Einspruch maintained that longtime use of the property by recreationists established a public right to continued use, while Andersen said she didn’t mind allowing others to use the strip of land to access the beach as long as they didn’t leave their vehicles or boats on her land.

The two parties signed a settlement Wednesday, April 8, stating Andersen and Wald “may restrict the uses of their property by users, including restricting parking on Rutzebeck Road.” However, it also stipulates members of the public may “occasionally” access Viking Cove beach across their property for kayak/canoe launching and/or garden seaweed gathering.

“That use, by pedestrians only, can continue so long as the access is only occasional and so long as the access is limited to those uses, and so long as those uses do not unduly block traffic on Rutzebeck Road and so long as they remain in attendance with their vehicles, and so long as the use does not result in waste, damage or injury to the property,” the settlement said. “Any other use must be by express approval of Andersen/Wald.”

It’s unclear what constitutes “occasional,” as there is no definition in the settlement. Andersen and Wald’s attorney Charlie Cole said the definition is “largely discretionary,” meaning it is up to Andersen and Wald.

“In the final analysis the court would decide it, but it’s a matter of common sense,” Cole said.

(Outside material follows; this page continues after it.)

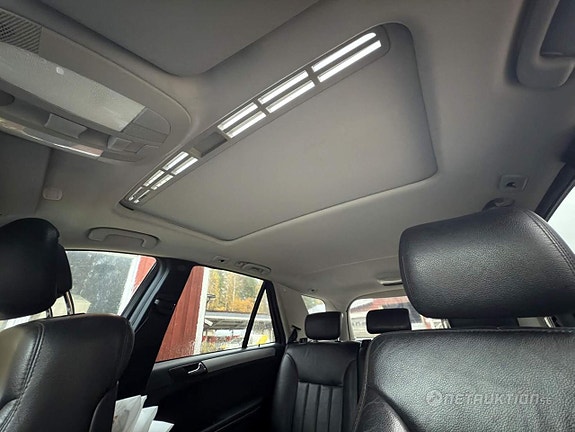Mercedes-Benz ML320 11 of 14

Andersen said she and Wald would “likely be more permissive” than the settlement stipulates. “It was important for us, however, to be able to control the activities on our own property, which is why we fought this lawsuit.”

Cole said he “positively” considered the settlement a victory for his clients.

In a phone interview, Einspruch said: “I tried to save public access at Viking Cove,” and declined further comment.

Andersen said Einspruch was not just seeking pedestrian access to the beach, but wanted approximately 12 percent of the property to be made public with unlimited parking and other uses.

Cole said Einspruch’s legal team approached him after Judge Phil Pallenberg denied Einspruch’s motion for summary judgment on April 6. A person who applies for summary judgment is attempting to avoid the time and expense of a trial when he or she believes the outcome is obvious.

It took the two parties less than an hour to hammer out the settlement document, Cole said.

Other stipulations of the settlement include users must park their vehicles at the end of Mud Bay Road and must immediately return to their vehicles after using the area to launch their kayak/canoe or gather seaweed.

In the event there is “more than occasional public use,” Andersen can seek immediate injunctive relief from a judge, which would prohibit access.

“The settlement states that we have every right to control all use and access on our property,” Andersen said. “We will continue to allow occasional pedestrian access on our property, as we have since we purchased it in 2010. Access is at our discretion. Parking on our property, including Rutzebeck Road, will not be allowed,” Andersen said.

Andersen called the lawsuit “stressful” and “unnecessary.”

“The only good to come of this episode is that the court concludes that allowing people to cross private property does not confer any ownership or easement rights,” she said.

Each party is responsible for bearing its own costs and attorney fees, according to the settlement.

“We would have liked to have seen Fred Einspruch pay our legal fees,” Andersen said. “The law does not support his claims, as the judge has clearly stated elsewhere in this case. This frivolous lawsuit has only wasted time and money and caused considerable hard feelings.”